Brief
Set down each entry exactly as given; pictures should not appear in the copy.

*** Opening Dataset extract ***

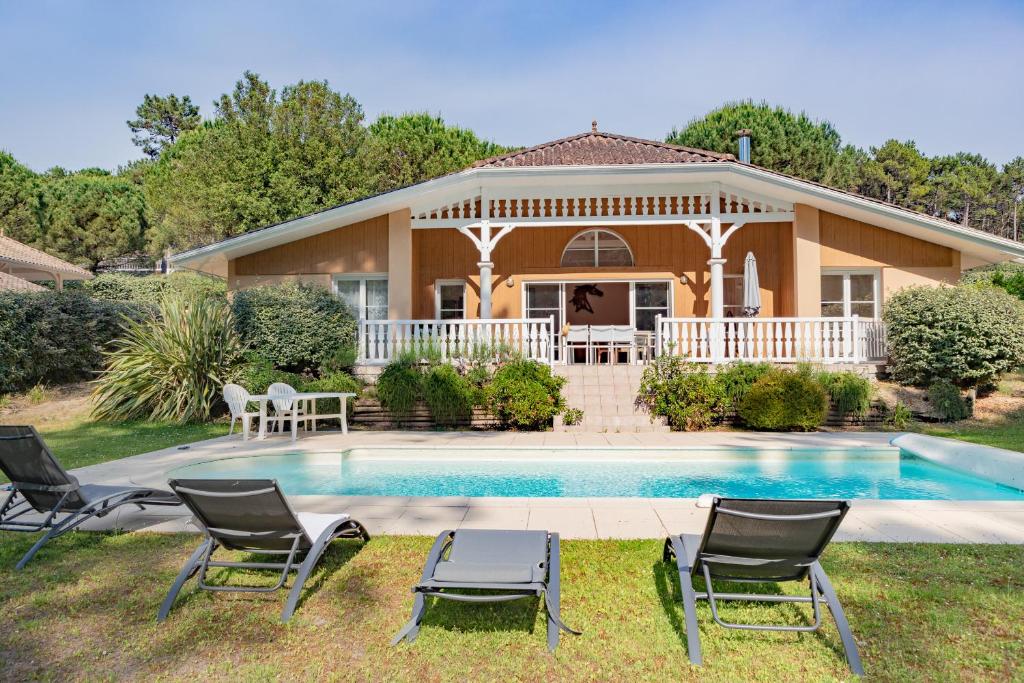 ein Haus mit Pool und Stühlen davor in der Unterkunft villa familiale dans cadre exceptionnel, piscine chauffée-AG19 in Lacanau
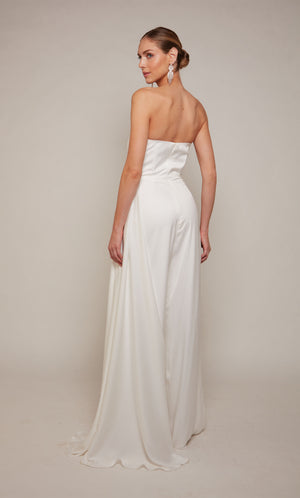 A chic white wedding jumpsuit with a ruched top and cascading drape, and wide leg pant.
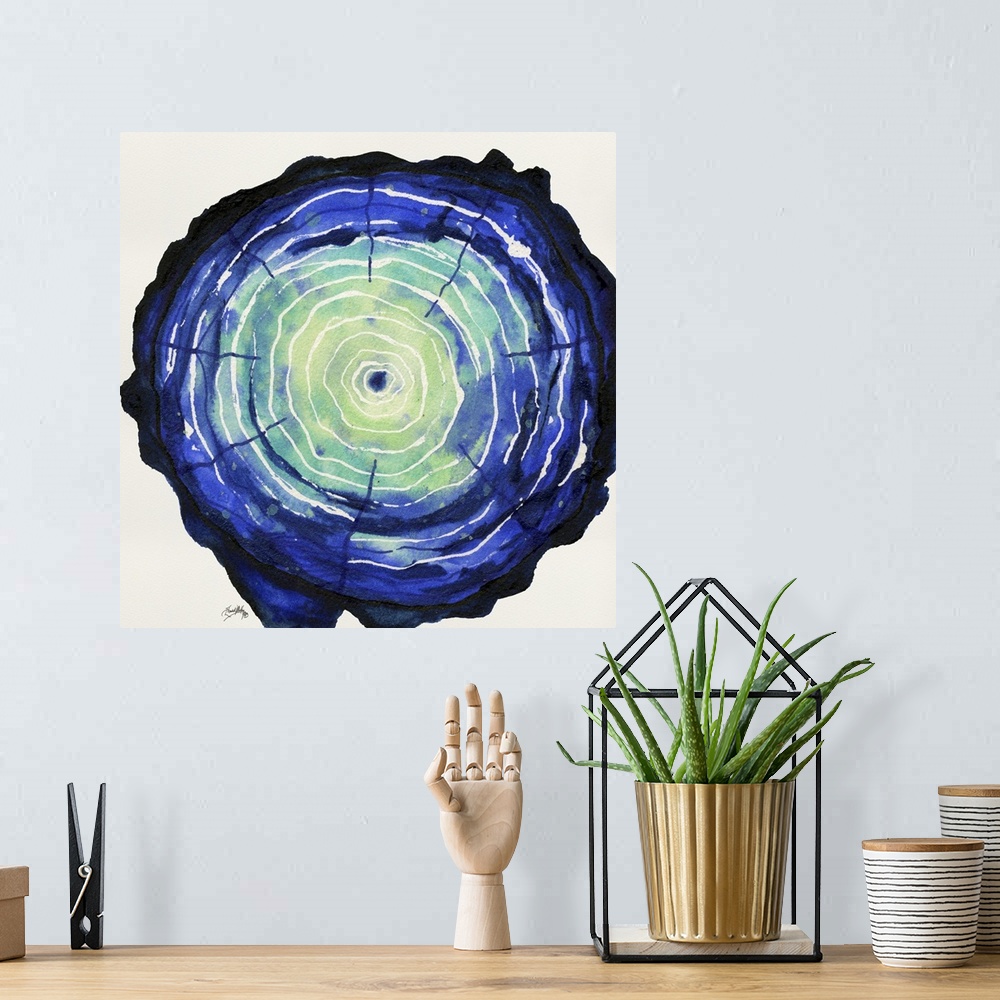 A bohemian room featuring Square watercolor painting of a blue and green tree trunk, highlighting the tree rings in white.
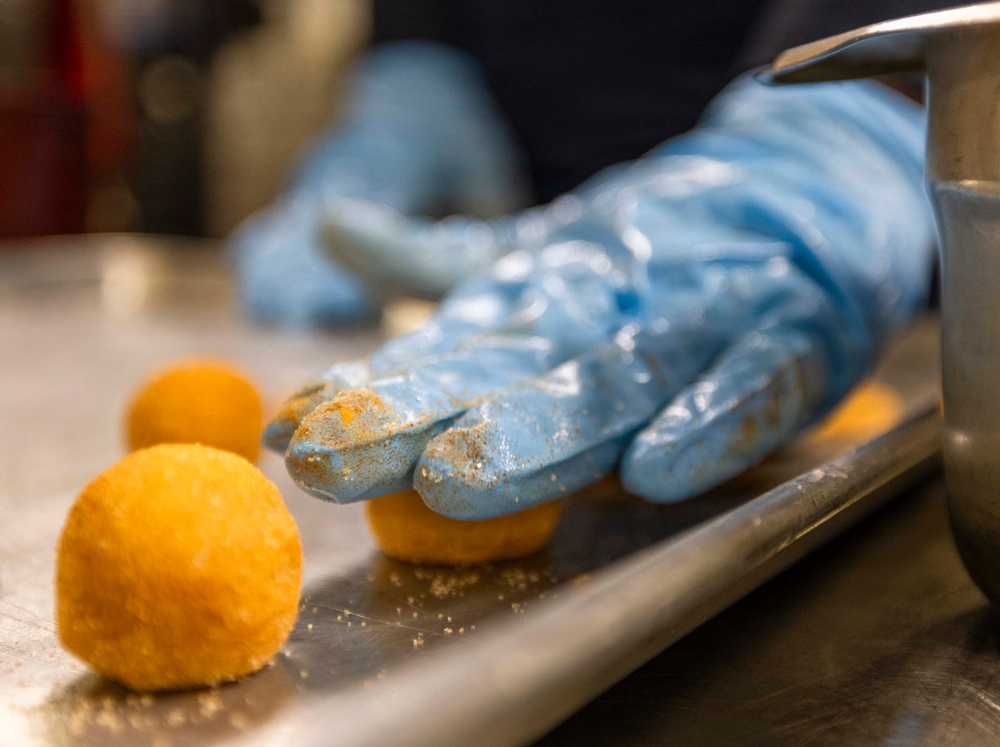 A food preparation scene showing a person wearing blue nitrile gloves handling round, breaded or coated food balls on a stainless steel tray. The gloves are visibly coated with orange/yellow residue from the food being shaped. The close-up perspective emphasizes the hands-on food production process in what appears to be a commercial kitchen.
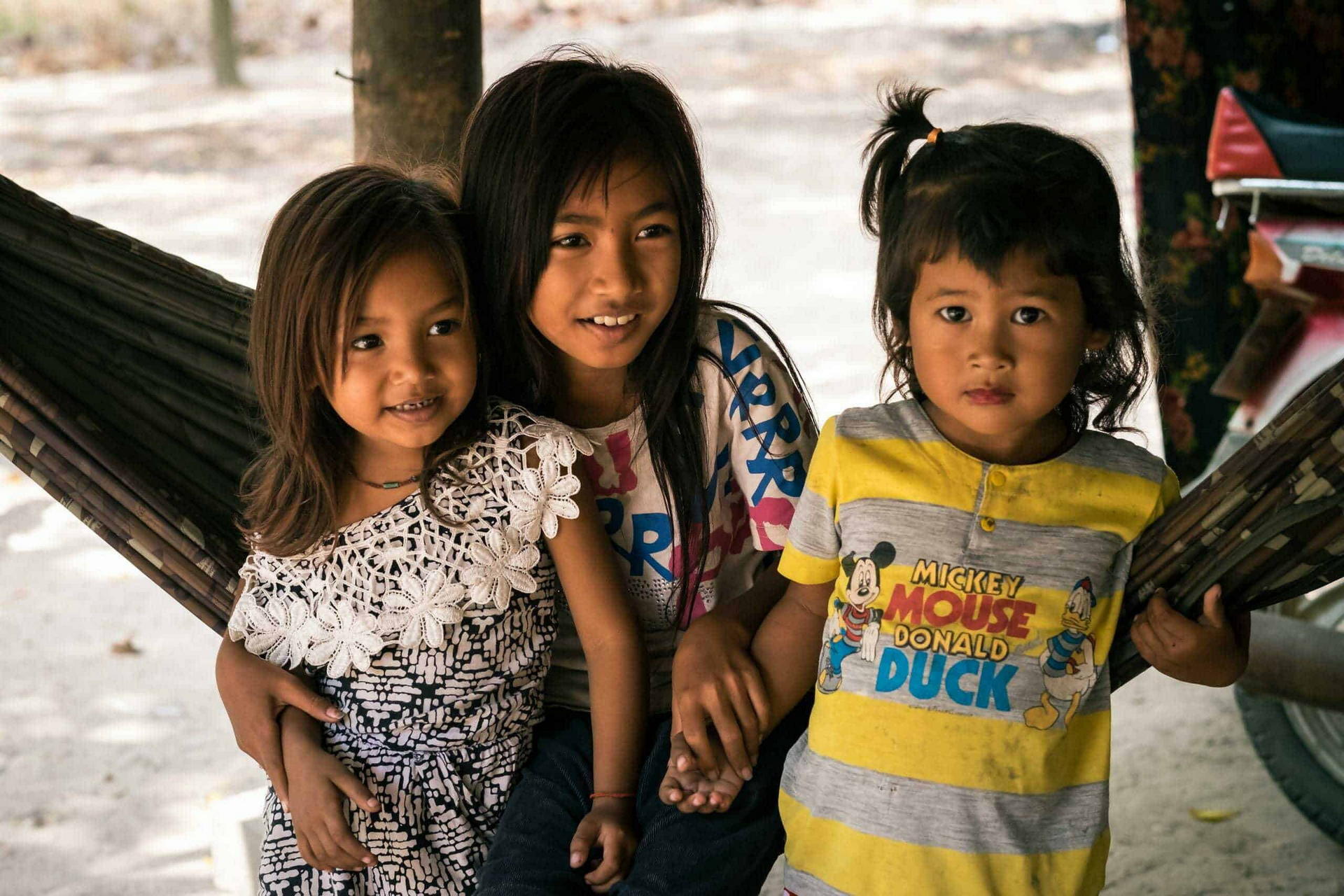 A group of foster siblings sit together on a hammock in rural Cambodia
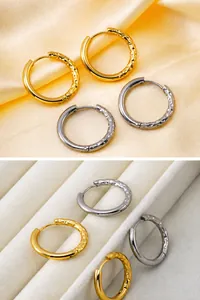 Detail view of gold and silver huggie earrings with hammered metal texture on silk background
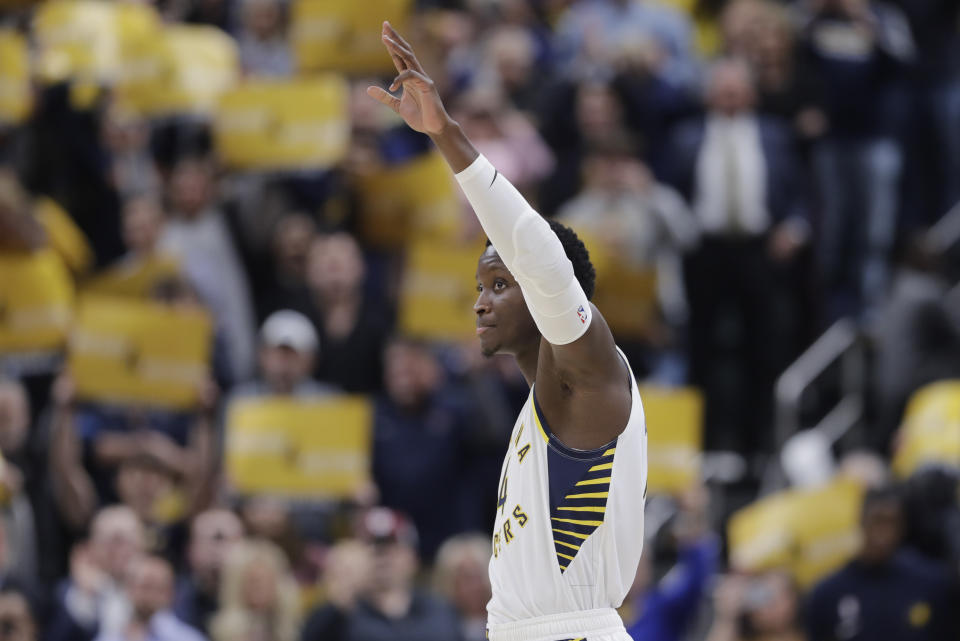 Indiana Pacers star Victor Oladipo waves to the crowd after entering the game during the first half of their matchup against the Chicago Bulls on Wednesday.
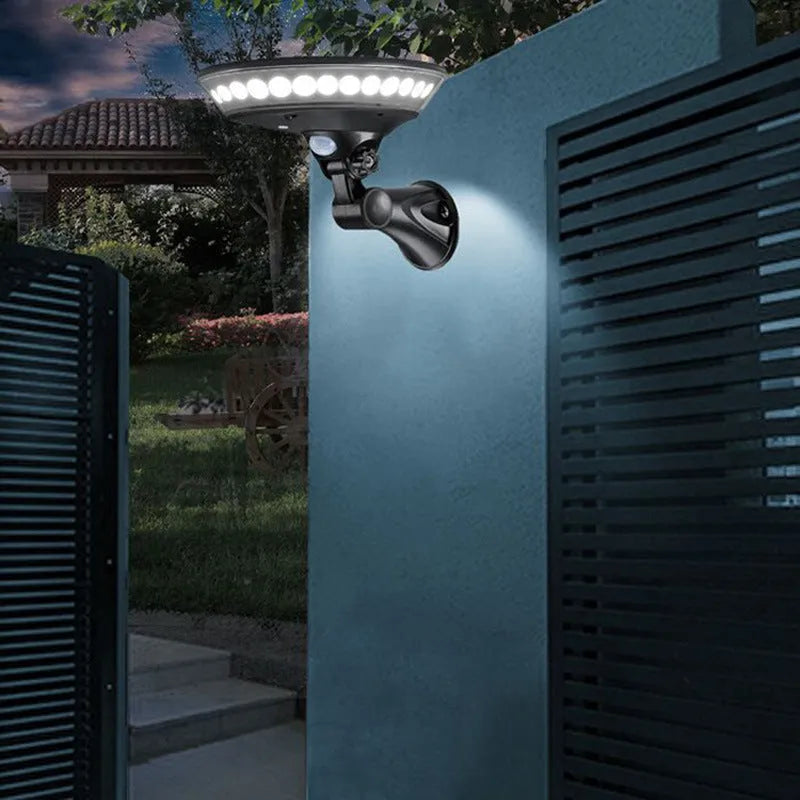 White 360-degree solar-powered outdoor light with motion sensor mounted on a wall.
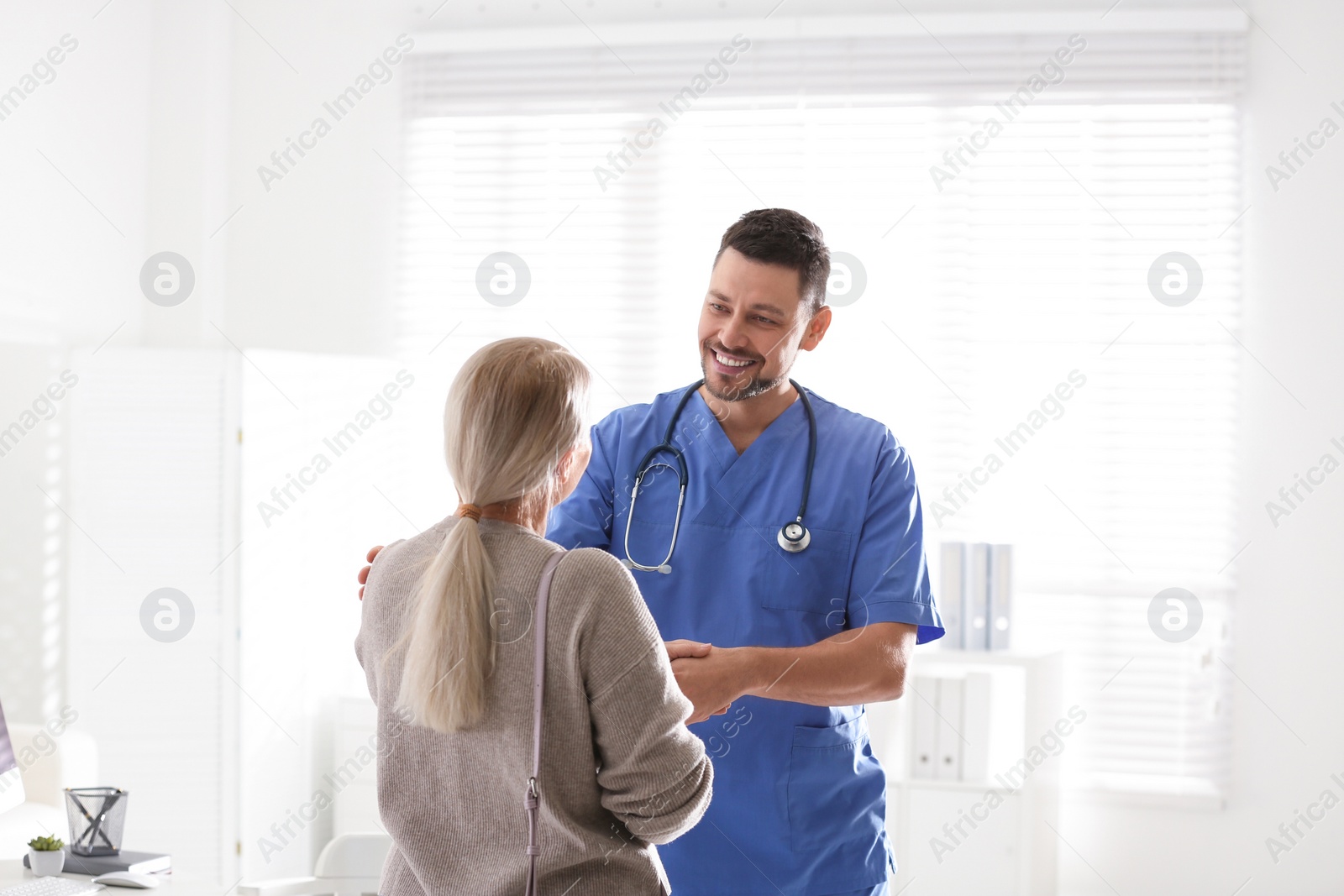 Photo of Doctor consulting patient in his office at hospital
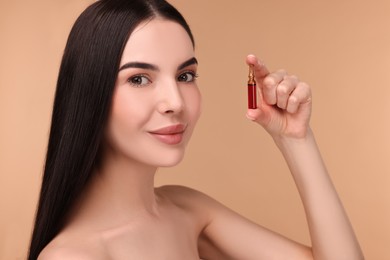 Photo of Beautiful young woman holding skincare ampoule on beige background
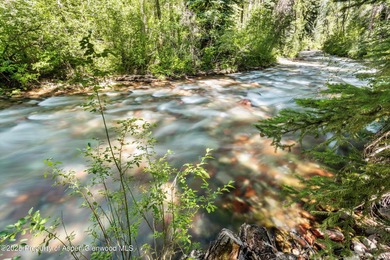 Riverfront single-family homes in Aspen are as rare as powder on Aspen Golf Club in Colorado - for sale on GolfHomes.com, golf home, golf lot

*** Closing Dataset extract ***

Output for this task
 ein Haus mit Pool und Stühlen davor in der Unterkunft villa familiale dans cadre exceptionnel, piscine chauffée-AG19 in Lacanau
 A chic white wedding jumpsuit with a ruched top and cascading drape, and wide leg pant.
 A bohemian room featuring Square watercolor painting of a blue and green tree trunk, highlighting the tree rings in white.
 A food preparation scene showing a person wearing blue nitrile gloves handling round, breaded or coated food balls on a stainless steel tray. The gloves are visibly coated with orange/yellow residue from the food being shaped. The close-up perspective emphasizes the hands-on food production process in what appears to be a commercial kitchen.
 A group of foster siblings sit together on a hammock in rural Cambodia
 Detail view of gold and silver huggie earrings with hammered metal texture on silk background
 Indiana Pacers star Victor Oladipo waves to the crowd after entering the game during the first half of their matchup against the Chicago Bulls on Wednesday.
 White 360-degree solar-powered outdoor light with motion sensor mounted on a wall.
 Photo of Doctor consulting patient in his office at hospital
 Photo of Beautiful young woman holding skincare ampoule on beige background
 Riverfront single-family homes in Aspen are as rare as powder on Aspen Golf Club in Colorado - for sale on GolfHomes.com, golf home, golf lot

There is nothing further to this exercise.